Notably, the top end of the Green500 list is dominated by “heterogeneous” supercomputers—supercomputers built around processor cores that combine a mix of architectures whose composition is suited to the different computing tasks the machine will execute. Various processing elements are fused together, such as traditional central processing units (CPUs), graphical processing units (GPUs), and other types of coprocessors.

Two new entrants—both heterogeneous systems based on NVIDIA’s Kepler K20 GPU accelerators—took the top two spots and cleared the bar of three billion floating-point operations per second (gigaflops) per watt. Eurora, installed at the CINECA Supercomputing Center in Italy, topped Green500 at 3.21 gigaflops/watt, and Aurora Tigon was a close second at 3.18 gigaflops/watt. The machines, both manufactured by Eurotech, bested the previous titleholder, University of Tennessee’s Beacon (2.45 gigaflops/watt), by 30 percent.
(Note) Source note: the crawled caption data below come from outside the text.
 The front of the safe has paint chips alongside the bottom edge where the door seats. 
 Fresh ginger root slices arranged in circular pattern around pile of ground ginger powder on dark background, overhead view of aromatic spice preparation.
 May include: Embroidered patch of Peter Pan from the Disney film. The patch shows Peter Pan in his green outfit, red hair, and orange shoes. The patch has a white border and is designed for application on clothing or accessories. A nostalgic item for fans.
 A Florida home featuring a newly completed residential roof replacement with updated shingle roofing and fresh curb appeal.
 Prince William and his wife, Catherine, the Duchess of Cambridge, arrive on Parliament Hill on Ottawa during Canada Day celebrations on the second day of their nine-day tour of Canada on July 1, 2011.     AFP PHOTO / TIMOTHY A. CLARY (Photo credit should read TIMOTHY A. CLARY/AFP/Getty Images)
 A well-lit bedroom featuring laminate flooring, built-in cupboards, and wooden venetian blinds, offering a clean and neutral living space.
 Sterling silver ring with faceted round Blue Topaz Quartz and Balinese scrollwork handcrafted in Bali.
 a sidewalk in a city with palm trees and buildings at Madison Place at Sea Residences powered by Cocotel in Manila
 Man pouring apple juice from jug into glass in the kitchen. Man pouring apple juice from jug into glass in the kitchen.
On the Top500 list, Eurora is ranked way down at No. 467, delivering 100.9 Teraflops per second on the Linpack benchmark. However, what’s interesting about the machine is not its peak performance, but rather its energy reuse system. Similar to the iDataCool solution IEEE Spectrum reported on last week, Eurora relies on a water cooling system to draw out excess heat; it then reuses this energy to drive adsorption chillers that cool the data center. It also redirects some of the waste heat to warm up other, human-occupied buildings at the facility.

On the other hand, Tianhe-2, which recently capped the Top500 list as the world’s fastest supercomputer, delivered 1.9 gigaflops/watt, largely due to the heterogeneous computing elements in its Intel Xeon Phi processors. This put it at No. 31 on Green500, and bespeaks the energy efficiency considerations many supercomputer manufacturers are now taking into account in building these systems.

According to Wu Feng, founder of Green500 and professor of computer science and electrical and computer engineering at Virginia Tech, the energy efficiencies of the highest-ranked machines on the Green500 list have been making much bigger gains than the have the mean or the median. “Overall, the performance of machines on the Green500 List has increased at a higher rate than their power consumption. That’s why the machines’ efficiencies are going up,” says Feng. “While the gains at the top end of the Green500 appear impressive, overall the improvements have been much more modest.”

But while there is still work to do, Feng believes that his team has made great strides overall in bringing green computing to the forefront of high-performance computing. “What we’ve done is raise awareness that energy efficiency is truly important,” says Feng. “I didn’t really feel like it got mainstream until 2007 or 2008… Up until that point, nobody really cared about energy efficiency; the only thing people cared about was speed. So it’s really come around full circle.”